=== Activity ===
Give back the whole listing verbatim, printing none of its pictures.

=== Data for review ===
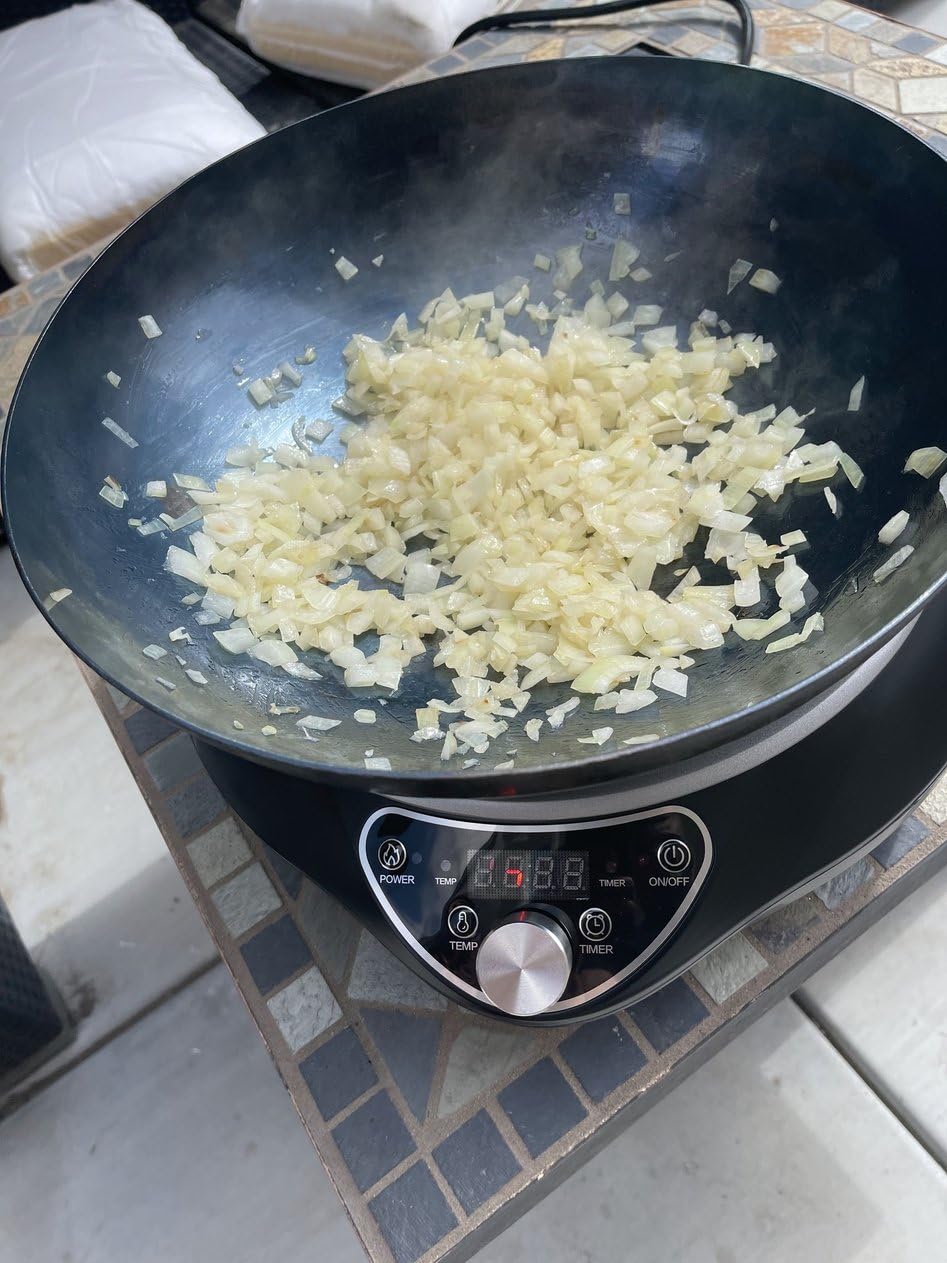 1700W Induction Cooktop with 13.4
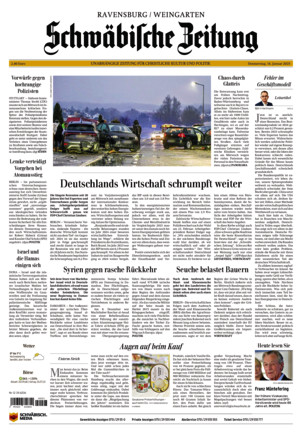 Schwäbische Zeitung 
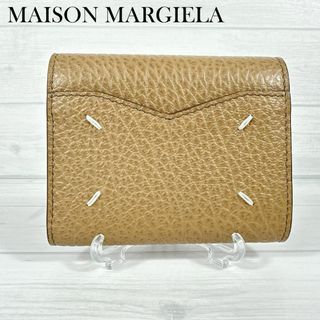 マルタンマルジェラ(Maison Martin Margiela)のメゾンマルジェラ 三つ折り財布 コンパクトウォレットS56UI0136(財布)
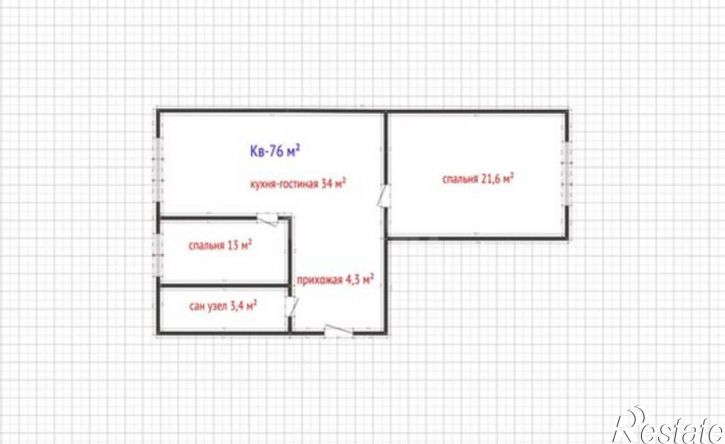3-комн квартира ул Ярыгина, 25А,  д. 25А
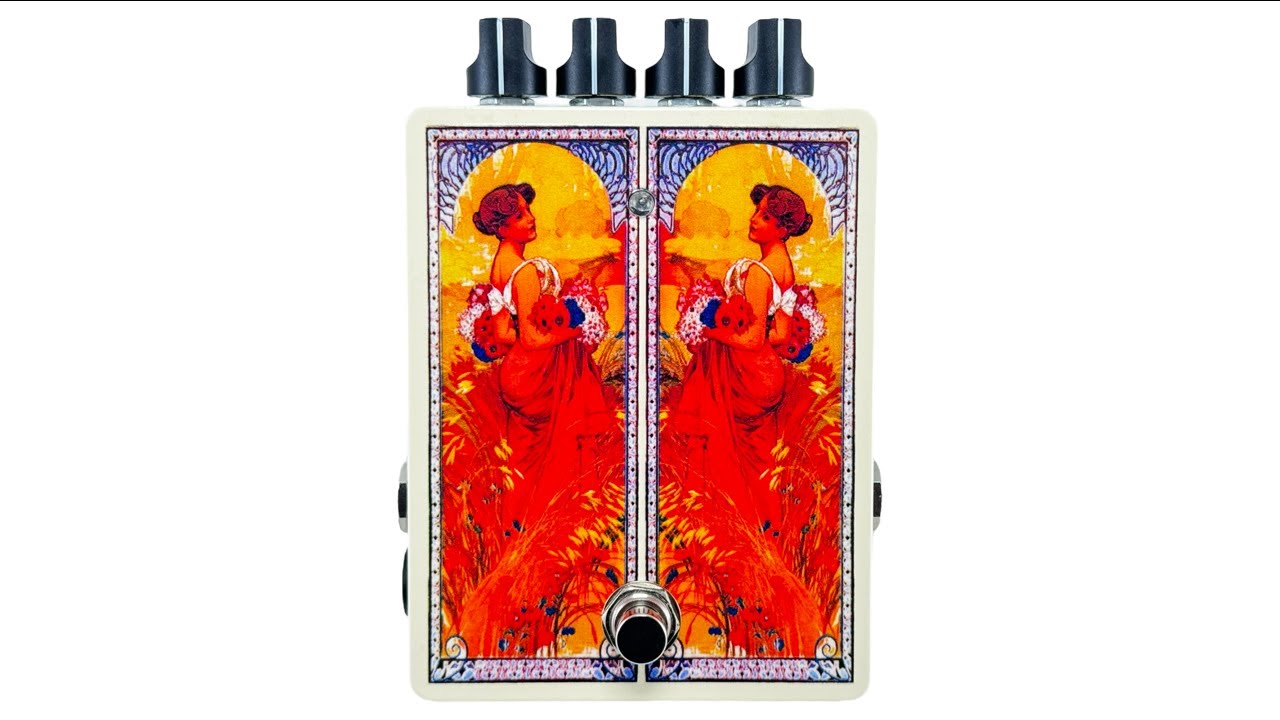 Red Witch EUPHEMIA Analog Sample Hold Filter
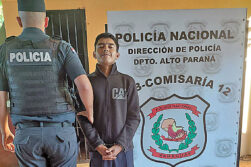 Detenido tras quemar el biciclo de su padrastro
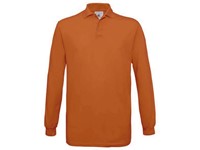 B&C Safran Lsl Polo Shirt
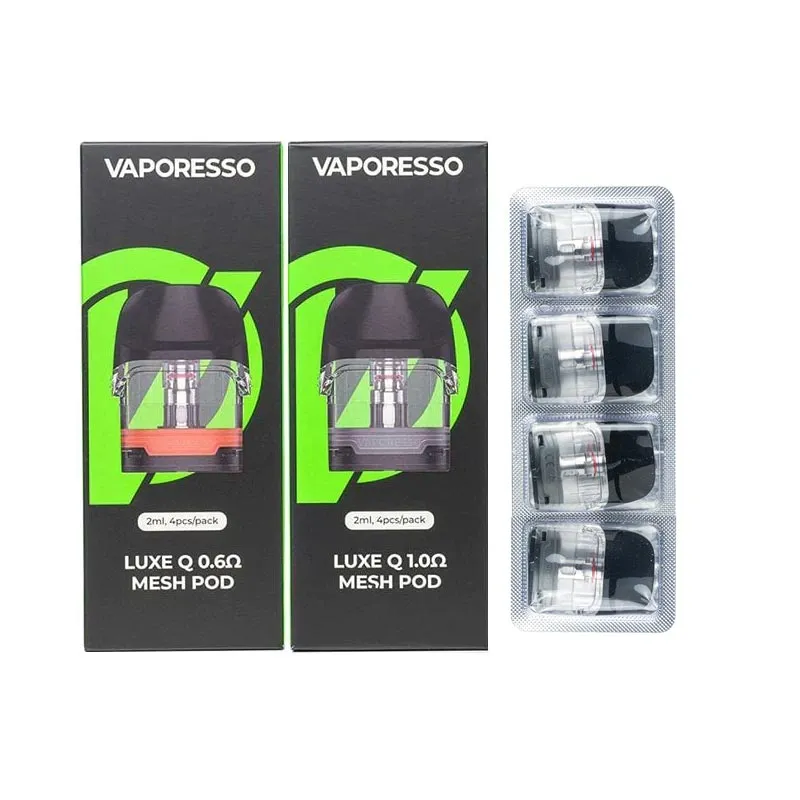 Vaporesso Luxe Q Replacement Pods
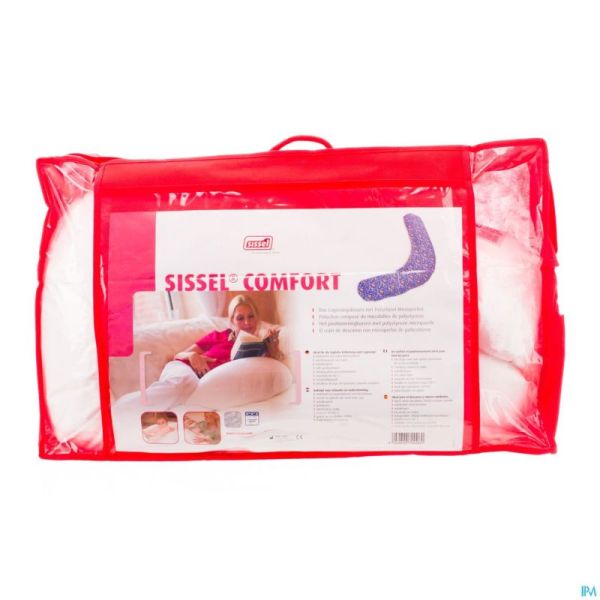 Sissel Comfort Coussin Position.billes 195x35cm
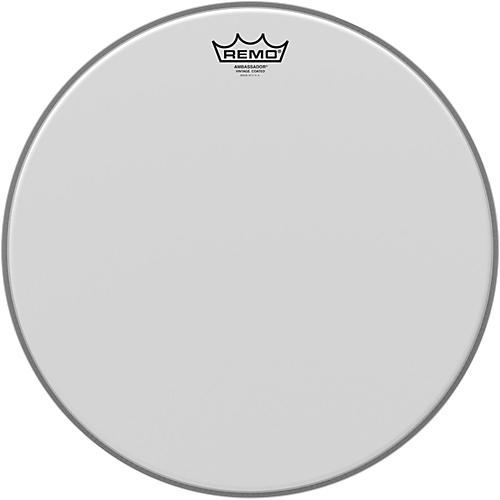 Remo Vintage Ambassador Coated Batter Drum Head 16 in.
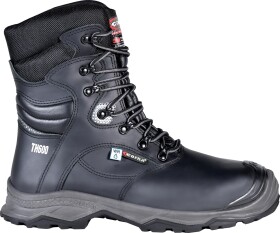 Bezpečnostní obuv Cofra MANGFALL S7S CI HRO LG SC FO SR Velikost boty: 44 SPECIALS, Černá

=== Problem solution ===
 1700W Induction Cooktop with 13.4
 Schwäbische Zeitung 
 マルタンマルジェラ(Maison Martin Margiela)のメゾンマルジェラ 三つ折り財布 コンパクトウォレットS56UI0136(財布)
3-комн квартира ул Ярыгина, 25А,  д. 25А
 Red Witch EUPHEMIA Analog Sample Hold Filter
 Detenido tras quemar el biciclo de su padrastro
 B&C Safran Lsl Polo Shirt
 Vaporesso Luxe Q Replacement Pods
 Sissel Comfort Coussin Position.billes 195x35cm
 Remo Vintage Ambassador Coated Batter Drum Head 16 in.
 Bezpečnostní obuv Cofra MANGFALL S7S CI HRO LG SC FO SR Velikost boty: 44 SPECIALS, Černá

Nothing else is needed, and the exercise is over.